La paie en retard. „Imaginez un peu dans quel état d’esprit on travaille. Et puis il y a la paie qui arrive, bien sûr elle arrive, parfois même avec quelques jours ou quelques semaines de retard. Seulement, de ce que la télévision paie à l’entreprise, il ne t’en arrive qu’une petite partie. Dépenses administratives, gestion du personnel, charges diverses. A la fin, je me retrouve avec dix ou vingt pour cent de la paie journalière qui n’est déjà pas très élevée.
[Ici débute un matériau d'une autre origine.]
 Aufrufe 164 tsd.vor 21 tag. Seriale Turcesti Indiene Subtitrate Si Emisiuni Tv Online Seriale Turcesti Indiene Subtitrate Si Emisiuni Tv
Proteste, me disent mes amis. Facile à dire: Puis un jour, à l’improviste, à l’entreprise, tu vois un jeune qui fait ses armes et on t’appelle un peu moins. Tu découvres qu’il fait certains reportages (il doit apprendre, dit le chef) et toi tu travailles de moins en moins. Cet été par exemple, ils m’ont dit de rester disponible, je n’ai pas pris de vacances et à la fin j’ai travaillé trois jours dans le mois. Bien sûr, je peux aller me balader au bord du lac ou en montagne, mais qui paie les factures à la fin du mois? Laisse-moi partir car je suis déjà en retard et qui sait où ils auront mis la haute fréquence. C’est le jeune qui l’aura prise, il ne remet jamais le matériel en place. Mais au fond, il n’a pas complètement tort car ils ne te paient pas les heures de rangement du matériel.”

Cinzia Arumetto, journaliste indépendante.